[[ Supplied data open ]]

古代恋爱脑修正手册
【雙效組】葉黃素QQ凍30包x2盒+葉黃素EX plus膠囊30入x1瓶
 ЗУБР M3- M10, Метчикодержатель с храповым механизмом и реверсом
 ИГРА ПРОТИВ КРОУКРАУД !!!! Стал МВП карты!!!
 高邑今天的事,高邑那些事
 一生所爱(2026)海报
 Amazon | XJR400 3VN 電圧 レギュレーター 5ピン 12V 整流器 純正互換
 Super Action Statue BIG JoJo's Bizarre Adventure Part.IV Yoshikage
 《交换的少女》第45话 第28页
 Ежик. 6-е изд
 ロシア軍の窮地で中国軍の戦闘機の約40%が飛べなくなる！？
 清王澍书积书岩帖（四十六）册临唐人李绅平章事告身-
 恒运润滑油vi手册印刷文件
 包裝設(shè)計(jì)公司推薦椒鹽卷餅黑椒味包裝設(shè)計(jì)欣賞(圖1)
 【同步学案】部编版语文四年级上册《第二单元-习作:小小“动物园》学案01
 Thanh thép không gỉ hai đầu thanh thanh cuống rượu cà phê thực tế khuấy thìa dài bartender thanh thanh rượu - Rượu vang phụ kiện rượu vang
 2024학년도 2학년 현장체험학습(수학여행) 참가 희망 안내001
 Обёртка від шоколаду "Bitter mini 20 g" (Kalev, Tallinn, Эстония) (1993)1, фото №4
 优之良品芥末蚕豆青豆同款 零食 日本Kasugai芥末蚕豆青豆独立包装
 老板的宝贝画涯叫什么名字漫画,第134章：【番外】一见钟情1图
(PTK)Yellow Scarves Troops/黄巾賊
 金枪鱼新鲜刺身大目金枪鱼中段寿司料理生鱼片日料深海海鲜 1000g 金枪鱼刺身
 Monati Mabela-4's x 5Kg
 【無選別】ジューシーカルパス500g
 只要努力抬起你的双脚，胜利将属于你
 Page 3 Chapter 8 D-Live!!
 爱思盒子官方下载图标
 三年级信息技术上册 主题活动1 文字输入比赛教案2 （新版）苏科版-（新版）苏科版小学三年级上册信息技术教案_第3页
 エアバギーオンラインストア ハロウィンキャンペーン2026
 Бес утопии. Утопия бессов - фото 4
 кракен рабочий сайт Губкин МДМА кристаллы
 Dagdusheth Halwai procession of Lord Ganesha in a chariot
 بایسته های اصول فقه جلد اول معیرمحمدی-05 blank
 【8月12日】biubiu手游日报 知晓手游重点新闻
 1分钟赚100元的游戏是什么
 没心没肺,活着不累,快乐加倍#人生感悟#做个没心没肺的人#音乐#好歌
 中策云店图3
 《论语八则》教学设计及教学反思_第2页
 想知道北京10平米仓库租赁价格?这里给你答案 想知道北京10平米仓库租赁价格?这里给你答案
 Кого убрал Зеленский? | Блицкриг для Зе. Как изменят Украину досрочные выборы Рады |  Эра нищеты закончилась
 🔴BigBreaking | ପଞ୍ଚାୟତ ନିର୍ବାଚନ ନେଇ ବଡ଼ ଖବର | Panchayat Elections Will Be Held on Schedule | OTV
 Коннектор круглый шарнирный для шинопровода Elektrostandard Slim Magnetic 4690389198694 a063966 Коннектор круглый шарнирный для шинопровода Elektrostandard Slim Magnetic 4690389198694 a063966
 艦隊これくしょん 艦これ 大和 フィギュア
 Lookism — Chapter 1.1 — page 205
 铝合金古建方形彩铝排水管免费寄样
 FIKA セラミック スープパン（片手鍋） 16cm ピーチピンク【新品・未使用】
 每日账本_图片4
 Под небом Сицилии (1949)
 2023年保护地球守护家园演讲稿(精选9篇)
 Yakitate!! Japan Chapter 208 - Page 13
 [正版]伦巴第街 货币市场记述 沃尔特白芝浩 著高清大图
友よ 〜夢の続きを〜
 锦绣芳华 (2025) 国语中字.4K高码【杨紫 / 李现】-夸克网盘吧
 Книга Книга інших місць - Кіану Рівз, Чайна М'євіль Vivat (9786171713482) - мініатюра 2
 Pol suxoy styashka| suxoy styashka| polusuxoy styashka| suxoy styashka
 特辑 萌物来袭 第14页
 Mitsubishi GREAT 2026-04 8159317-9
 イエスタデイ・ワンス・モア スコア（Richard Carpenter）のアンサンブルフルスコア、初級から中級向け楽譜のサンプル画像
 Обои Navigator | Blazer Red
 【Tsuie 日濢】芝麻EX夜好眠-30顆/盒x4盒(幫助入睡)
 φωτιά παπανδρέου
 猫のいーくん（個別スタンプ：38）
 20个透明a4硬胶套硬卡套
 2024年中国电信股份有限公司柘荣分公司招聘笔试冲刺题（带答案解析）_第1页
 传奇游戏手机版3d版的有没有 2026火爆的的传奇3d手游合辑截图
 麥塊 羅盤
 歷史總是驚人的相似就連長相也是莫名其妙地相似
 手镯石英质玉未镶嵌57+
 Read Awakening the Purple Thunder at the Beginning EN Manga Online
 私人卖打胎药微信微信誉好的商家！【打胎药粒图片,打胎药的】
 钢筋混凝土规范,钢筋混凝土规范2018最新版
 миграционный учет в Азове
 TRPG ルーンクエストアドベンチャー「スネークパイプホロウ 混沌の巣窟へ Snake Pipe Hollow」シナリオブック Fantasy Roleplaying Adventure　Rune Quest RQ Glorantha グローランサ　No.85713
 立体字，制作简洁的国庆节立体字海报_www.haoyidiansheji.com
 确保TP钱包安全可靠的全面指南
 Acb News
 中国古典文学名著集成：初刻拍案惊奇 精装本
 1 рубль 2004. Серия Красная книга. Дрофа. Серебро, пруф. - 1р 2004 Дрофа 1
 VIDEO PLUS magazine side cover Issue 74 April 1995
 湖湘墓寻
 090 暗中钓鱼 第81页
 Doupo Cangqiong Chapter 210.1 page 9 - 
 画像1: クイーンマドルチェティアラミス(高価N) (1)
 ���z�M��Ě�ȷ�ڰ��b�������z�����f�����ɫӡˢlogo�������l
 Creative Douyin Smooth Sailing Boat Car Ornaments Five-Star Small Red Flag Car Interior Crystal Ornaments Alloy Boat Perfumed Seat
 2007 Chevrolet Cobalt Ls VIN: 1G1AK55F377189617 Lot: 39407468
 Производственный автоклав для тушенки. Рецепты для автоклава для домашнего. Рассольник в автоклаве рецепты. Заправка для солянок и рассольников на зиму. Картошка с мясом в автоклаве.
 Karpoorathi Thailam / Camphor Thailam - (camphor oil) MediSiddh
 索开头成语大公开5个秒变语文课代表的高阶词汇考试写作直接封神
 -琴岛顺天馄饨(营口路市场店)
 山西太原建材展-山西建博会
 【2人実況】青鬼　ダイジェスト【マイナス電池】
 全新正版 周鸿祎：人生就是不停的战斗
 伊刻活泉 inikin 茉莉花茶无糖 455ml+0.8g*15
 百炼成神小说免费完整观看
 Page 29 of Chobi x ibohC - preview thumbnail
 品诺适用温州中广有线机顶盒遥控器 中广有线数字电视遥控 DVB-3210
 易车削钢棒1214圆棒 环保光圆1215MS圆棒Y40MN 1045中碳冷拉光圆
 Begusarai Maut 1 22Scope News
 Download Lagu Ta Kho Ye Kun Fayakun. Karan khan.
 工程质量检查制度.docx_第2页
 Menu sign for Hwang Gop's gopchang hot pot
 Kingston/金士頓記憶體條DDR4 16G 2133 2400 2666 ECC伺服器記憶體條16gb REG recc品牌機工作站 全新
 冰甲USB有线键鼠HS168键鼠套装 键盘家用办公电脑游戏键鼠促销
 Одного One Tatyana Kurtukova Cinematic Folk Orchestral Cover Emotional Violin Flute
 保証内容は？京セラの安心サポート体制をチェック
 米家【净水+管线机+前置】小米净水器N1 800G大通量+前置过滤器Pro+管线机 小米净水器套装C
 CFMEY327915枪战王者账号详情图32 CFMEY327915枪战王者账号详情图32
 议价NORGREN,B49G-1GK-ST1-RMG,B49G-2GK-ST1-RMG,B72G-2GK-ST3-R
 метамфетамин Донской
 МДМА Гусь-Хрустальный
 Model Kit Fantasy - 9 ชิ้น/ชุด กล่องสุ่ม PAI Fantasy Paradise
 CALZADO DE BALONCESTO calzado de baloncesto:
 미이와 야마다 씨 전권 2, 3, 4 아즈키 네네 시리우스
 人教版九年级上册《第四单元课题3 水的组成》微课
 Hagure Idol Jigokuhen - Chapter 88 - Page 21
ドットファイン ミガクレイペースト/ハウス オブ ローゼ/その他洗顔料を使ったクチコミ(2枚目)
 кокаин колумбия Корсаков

[[ Supplied data closed ]]

§ Work task: How many lines in the records above contain the string "Chapter"? State the number and nothing more.

§ Output below: 5